+++ DATA TO USE

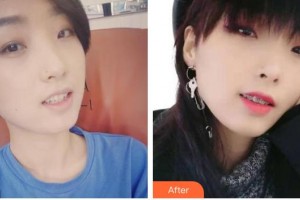 西昌口腔醫(yī)院李華君整形價(jià)格表附金屬托槽矯正案例展示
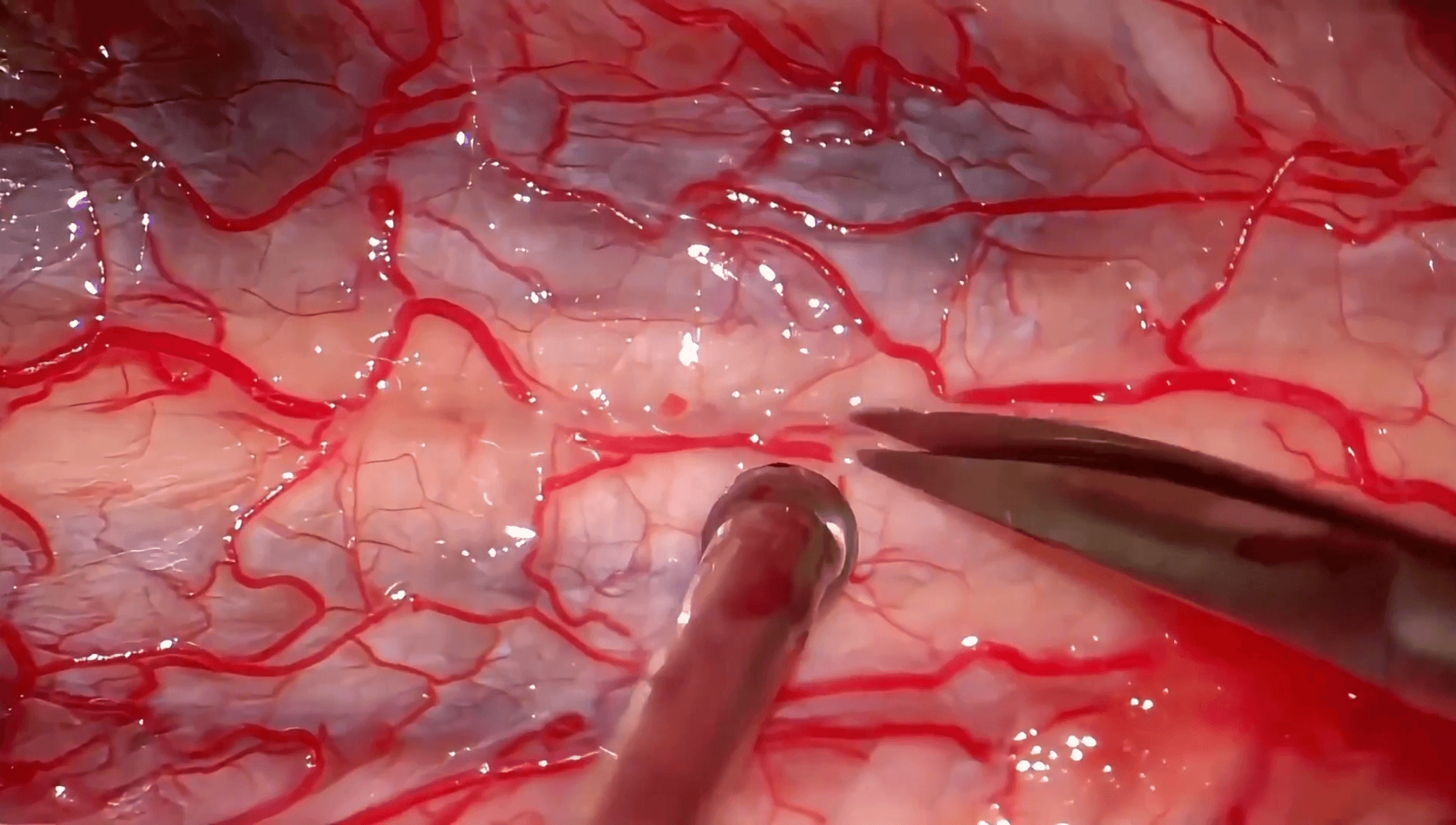 ependimoma cervical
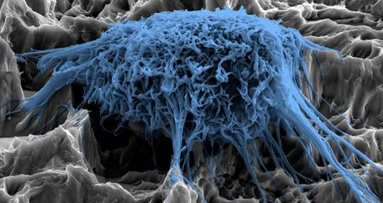 Dalla ricerca un nuovo rivestimento per prevenire le infezioni agli impianti dentali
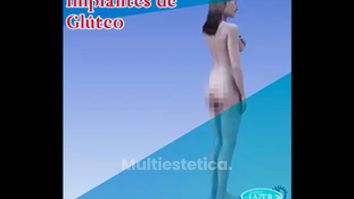 Gluteoplastia - Clínica De Cirugía Plástica Lazer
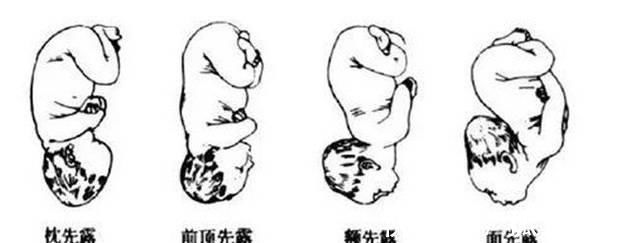 地方|育儿说:怀孕7个月宝宝是在什么位置的?从这些地方能够看出来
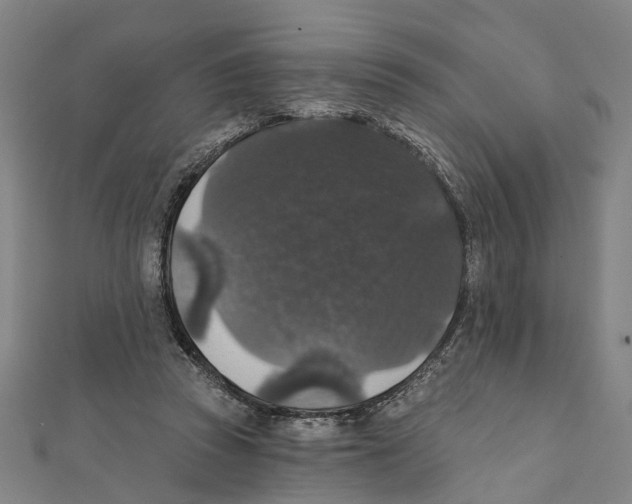 X0000111800353200908201158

++++++

TASK TO COMPLETE: Every entry above should be written out again verbatim, with no pictures included.

FINAL ANSWER:
 西昌口腔醫(yī)院李華君整形價(jià)格表附金屬托槽矯正案例展示
 ependimoma cervical
 Dalla ricerca un nuovo rivestimento per prevenire le infezioni agli impianti dentali
 Gluteoplastia - Clínica De Cirugía Plástica Lazer
 地方|育儿说:怀孕7个月宝宝是在什么位置的?从这些地方能够看出来
 X0000111800353200908201158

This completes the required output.